As I continued reading and reflecting, I noticed other issues in our relationship that I hadn’t fully understood before. The constant miscommunications, the emotional flare-ups, the way we’d both retreat into ourselves when tensions arose—everything started to make sense when I viewed it through the lens of ADHD. But it wasn’t just the behavior I recognized; deeper, more fundamental issues began to surface. It wasn’t just the obvious misunderstandings anymore either; there were other, more subtle issues that we were both contributing to, and its becoming very clear how hard it is to break the cycle.
Reflecting on myself
As I began reading more about ADHD, I started seeing those traits in myself as well. I recognized my own struggles with focus, emotional regulation, and managing stress. It was a revelation, but it also left me with questions: Could ADHD be playing a role in our challenges? Could I have ADHD and not even realize it?
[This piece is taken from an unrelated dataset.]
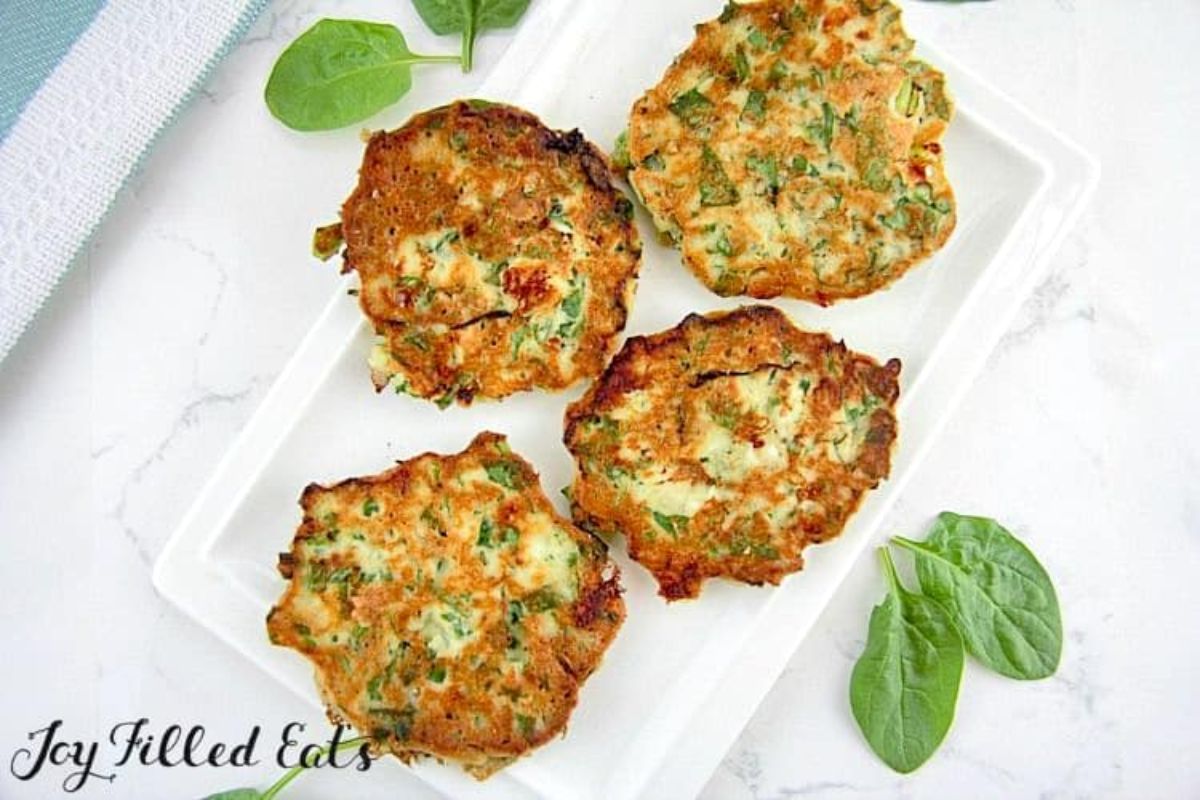 On a white countertop is a white rectangular dish with 4 spinach and feta pancakes on it. Basil leaves are scattered around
I am aware that my own grief and trauma, especially the loss of my mother and everything I had endured, had led to emotional symptoms that can closely resemble some symptoms of ADHD. I realized that the two—grief and ADHD—might overlap in some ways. But hearing it from my friend, someone who truly understood the symptoms of ADHD firsthand, made me start looking at things differently. He suggested that I read ADHD in Relationships by Melissa Orlov, which had helped him understand his own relationship dynamics better. I decided to take his advice, and after reading it, everything started to fall into place. The book illuminated patterns in relationships that I hadn’t recognized before, and I began to see parallels with my own relationship. It was eye-opening, and I felt as if I had a new lens through which to view the struggles we had been facing.
I’ve since decided to discuss these questions with my doctor to explore whether an official diagnosis might help me better understand myself.
Where I stand now
Right now, I’m trying to keep an open mind. I’m not an expert, and I can’t diagnose myself or my girlfriend. But for the first time, it feels like the puzzle pieces are starting to fall into place.
It’s a strange mix of emotions—confusion, relief, and a little hope. I don’t know exactly what lies ahead, but I’m determined to approach it with honesty and a willingness to learn, both for myself and for the people I care about.
Although I’m aware that it might be too late for us, which leaves me heartbroken, there is a part of me that strongly believes there is still hope. I love her very much, and I still feel she wants a future for us, but I think she’s just as lost as I am when it comes to how to make that happen. Yes, in her mind, she may be miles ahead of me in terms of ending this, but the way she acts toward me right now makes me wonder if she’s still looking for a way to fix this as well. Perhaps it’s just me not wanting to accept that we’re done, but I can’t shake the feeling that there’s a glimmer of possibility left, even if I’m not sure what that future looks like anymore.